Monday, 17 November 2014

Spain's Podemos party signals the rise of a new political left

Since the financial crisis erupted in 2008, Europe has seen a rise in co-ordinated leftist movements, such as Occupy, getting people out onto the streets to protest against the conservative economic orthodoxy.

Despite being highly visible, those campaigns, for welfare before wealth and people before profits, have found little traction inside the political mainstream. The failure of mainstream political parties to reflect public priorities in policy has led to collapsing support for those parties, and a corresponding collapse in trust in the political institutions (Nardelli, 2014).

However, that has began to change. In time for the European elections, while the world was justifiably worried about the rise of the far right, a new party emerged in Spain.
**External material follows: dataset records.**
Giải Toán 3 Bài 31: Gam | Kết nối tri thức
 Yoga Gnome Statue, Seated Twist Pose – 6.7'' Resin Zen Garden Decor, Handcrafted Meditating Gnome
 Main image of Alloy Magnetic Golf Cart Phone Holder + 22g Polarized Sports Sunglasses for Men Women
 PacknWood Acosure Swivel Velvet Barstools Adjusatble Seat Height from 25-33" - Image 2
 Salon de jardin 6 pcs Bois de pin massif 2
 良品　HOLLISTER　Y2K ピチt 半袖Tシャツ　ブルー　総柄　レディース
Born out of the Indignados movement, which saw as many as 8 million people take to the streets across Spain in 2011 and 2012, a new party was formed, called Podemos (Jones, 2014).

Podemos, meaning "We can", marks an important transition. The leftist activists and protesters are shifting from campaigning to political democracy, from protesting to developing policy - trying to turn ideas into action (Pope, 2014). It is a beginning of a fulfilment of the promise shown by leftist campaigns across Europe.

People have shown they are active and engaged. But they're unhappy, and are now they're taking to proposing the solutions themselves, because the establishment hasn't listened, and hasn't reformed to suit the needs of the people.

That disaffection has elsewhere only fed the parties of the far right, who only offer narrow and restrictive responses to poverty and suffering. Those groups, like UKIP, do not break from political orthodoxies and fail to offer positive alternatives. Only the anti-establishment libertarian democratic group Movimento 5 Stelle, of Italy, has succeeded in taking popular support away from those far right groups... so far.

The rising polling strength of Podemos is a positive answer to that right-wing populism, and ought to be a huge boost to those on the left, from progressives to socialists to liberals. They are championing the causes of the left: poverty reduction, the basic income, reducing dependence upon fossil fuels, promoting small, medium and local producers and enterprises along with some sensible public control.

They represent the ideals of the left, backed by a popular movement, bringing activism and political policy together to challenge mainstream methods and orthodox ideas. That is a cause for hope for anyone who is looking for a better future, one oriented more towards people and their needs, than to endless, monotonous, accumulation and consumption.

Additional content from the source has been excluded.